* Problem statement *
Print every line of the listing below, starting with the line that holds "Hair transplant before and after photos" and going on through the line that holds "Human Leukemia Cells", both included, and print nothing else.

* Supplied information *
*** Block opens ***

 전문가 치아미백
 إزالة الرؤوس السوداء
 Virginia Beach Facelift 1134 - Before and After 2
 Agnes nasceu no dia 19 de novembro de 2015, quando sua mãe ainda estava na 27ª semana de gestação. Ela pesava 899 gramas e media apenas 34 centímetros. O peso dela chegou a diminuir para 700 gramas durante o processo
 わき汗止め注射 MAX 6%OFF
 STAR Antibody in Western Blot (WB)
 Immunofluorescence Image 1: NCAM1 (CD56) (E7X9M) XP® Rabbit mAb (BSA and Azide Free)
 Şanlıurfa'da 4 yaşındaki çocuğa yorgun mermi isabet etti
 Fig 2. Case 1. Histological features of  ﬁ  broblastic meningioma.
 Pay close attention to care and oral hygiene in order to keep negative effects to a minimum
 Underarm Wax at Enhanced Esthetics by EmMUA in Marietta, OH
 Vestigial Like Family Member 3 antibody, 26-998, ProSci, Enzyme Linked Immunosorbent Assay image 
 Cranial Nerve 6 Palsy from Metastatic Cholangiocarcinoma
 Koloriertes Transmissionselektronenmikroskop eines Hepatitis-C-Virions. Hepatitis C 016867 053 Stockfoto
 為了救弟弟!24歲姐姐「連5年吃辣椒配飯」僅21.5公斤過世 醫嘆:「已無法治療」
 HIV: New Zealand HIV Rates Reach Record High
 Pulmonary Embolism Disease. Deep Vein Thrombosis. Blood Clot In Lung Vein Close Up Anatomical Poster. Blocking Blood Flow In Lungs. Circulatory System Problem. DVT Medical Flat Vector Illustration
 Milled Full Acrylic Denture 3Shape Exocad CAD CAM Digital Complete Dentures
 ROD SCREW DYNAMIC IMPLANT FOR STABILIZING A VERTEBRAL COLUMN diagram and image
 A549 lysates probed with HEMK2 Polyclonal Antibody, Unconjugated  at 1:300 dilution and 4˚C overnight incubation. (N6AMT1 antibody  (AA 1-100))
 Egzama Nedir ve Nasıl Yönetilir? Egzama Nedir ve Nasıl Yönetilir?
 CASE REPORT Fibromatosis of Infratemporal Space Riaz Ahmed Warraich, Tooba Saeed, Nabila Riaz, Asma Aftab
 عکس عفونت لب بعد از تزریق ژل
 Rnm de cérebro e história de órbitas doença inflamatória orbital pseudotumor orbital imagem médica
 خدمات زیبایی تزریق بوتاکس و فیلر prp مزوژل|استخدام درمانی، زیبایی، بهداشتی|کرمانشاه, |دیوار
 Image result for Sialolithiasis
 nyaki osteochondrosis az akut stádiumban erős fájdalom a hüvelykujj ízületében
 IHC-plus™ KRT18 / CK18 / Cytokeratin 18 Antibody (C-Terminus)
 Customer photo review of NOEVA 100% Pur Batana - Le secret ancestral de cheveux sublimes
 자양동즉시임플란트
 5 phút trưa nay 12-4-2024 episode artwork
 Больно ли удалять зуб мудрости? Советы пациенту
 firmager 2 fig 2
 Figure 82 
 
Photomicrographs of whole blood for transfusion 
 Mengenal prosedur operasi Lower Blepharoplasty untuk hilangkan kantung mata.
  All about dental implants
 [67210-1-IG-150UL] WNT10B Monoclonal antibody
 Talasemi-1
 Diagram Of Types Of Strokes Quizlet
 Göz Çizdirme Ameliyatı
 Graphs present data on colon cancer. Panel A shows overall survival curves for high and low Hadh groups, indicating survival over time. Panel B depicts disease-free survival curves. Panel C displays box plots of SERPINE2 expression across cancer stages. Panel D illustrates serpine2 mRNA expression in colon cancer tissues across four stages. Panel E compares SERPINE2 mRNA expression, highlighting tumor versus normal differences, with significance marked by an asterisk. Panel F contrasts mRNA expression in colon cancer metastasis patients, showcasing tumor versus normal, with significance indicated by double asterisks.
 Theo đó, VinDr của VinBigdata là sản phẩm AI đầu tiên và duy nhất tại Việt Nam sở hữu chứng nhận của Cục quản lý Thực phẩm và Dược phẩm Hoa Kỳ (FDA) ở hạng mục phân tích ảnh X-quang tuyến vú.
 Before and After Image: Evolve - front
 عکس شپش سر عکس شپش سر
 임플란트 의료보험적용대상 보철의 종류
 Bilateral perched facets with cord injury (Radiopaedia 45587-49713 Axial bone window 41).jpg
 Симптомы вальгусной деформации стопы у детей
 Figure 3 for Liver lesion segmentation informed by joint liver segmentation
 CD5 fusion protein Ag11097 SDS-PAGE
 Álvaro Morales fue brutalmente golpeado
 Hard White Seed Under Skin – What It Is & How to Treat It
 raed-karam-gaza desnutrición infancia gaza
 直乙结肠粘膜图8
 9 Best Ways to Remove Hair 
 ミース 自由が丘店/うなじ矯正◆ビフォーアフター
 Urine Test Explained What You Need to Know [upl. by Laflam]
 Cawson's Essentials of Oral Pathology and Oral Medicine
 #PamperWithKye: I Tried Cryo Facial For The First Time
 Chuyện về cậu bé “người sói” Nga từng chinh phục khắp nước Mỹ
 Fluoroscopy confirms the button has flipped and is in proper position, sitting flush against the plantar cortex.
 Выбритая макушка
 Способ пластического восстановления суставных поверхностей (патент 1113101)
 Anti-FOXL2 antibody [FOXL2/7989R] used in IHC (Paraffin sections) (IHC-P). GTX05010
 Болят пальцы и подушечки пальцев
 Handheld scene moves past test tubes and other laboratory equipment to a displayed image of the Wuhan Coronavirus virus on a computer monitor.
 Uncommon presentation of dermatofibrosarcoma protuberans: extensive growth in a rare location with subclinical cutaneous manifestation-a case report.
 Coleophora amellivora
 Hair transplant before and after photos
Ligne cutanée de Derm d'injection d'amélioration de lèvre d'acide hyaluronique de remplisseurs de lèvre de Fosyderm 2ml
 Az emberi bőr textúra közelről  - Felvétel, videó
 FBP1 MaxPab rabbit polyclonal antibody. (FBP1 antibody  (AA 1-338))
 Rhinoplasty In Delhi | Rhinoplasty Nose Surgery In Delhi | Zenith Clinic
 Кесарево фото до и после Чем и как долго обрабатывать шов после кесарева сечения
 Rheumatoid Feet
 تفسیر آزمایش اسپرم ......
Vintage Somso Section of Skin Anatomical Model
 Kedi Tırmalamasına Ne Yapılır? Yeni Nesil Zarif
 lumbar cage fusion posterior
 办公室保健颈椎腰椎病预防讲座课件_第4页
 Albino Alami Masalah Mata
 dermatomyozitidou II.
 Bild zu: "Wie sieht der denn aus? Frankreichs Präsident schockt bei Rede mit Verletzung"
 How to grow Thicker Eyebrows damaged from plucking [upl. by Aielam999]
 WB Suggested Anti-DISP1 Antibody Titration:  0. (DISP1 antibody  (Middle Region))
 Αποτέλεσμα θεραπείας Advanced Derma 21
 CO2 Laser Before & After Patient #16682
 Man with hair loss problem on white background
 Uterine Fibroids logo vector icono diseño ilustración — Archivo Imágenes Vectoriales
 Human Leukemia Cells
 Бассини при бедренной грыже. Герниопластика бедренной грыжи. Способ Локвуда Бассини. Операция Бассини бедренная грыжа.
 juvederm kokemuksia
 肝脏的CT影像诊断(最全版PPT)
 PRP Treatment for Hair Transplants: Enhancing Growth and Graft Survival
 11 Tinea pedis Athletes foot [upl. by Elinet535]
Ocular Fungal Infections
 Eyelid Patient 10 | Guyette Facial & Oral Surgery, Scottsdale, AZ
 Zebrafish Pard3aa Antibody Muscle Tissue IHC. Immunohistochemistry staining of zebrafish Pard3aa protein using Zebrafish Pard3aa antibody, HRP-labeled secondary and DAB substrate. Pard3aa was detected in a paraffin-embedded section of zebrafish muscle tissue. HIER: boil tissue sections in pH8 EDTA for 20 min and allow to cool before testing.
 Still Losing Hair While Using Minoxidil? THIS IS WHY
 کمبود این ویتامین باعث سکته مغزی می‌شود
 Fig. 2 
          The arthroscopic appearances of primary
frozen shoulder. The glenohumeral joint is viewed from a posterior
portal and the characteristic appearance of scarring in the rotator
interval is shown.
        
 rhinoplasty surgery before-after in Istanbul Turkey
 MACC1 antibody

*** Block closes ***

* Solution *
 Hair transplant before and after photos
Ligne cutanée de Derm d'injection d'amélioration de lèvre d'acide hyaluronique de remplisseurs de lèvre de Fosyderm 2ml
 Az emberi bőr textúra közelről  - Felvétel, videó
 FBP1 MaxPab rabbit polyclonal antibody. (FBP1 antibody  (AA 1-338))
 Rhinoplasty In Delhi | Rhinoplasty Nose Surgery In Delhi | Zenith Clinic
 Кесарево фото до и после Чем и как долго обрабатывать шов после кесарева сечения
 Rheumatoid Feet
 تفسیر آزمایش اسپرم ......
Vintage Somso Section of Skin Anatomical Model
 Kedi Tırmalamasına Ne Yapılır? Yeni Nesil Zarif
 lumbar cage fusion posterior
 办公室保健颈椎腰椎病预防讲座课件_第4页
 Albino Alami Masalah Mata
 dermatomyozitidou II.
 Bild zu: "Wie sieht der denn aus? Frankreichs Präsident schockt bei Rede mit Verletzung"
 How to grow Thicker Eyebrows damaged from plucking [upl. by Aielam999]
 WB Suggested Anti-DISP1 Antibody Titration:  0. (DISP1 antibody  (Middle Region))
 Αποτέλεσμα θεραπείας Advanced Derma 21
 CO2 Laser Before & After Patient #16682
 Man with hair loss problem on white background
 Uterine Fibroids logo vector icono diseño ilustración — Archivo Imágenes Vectoriales
 Human Leukemia Cells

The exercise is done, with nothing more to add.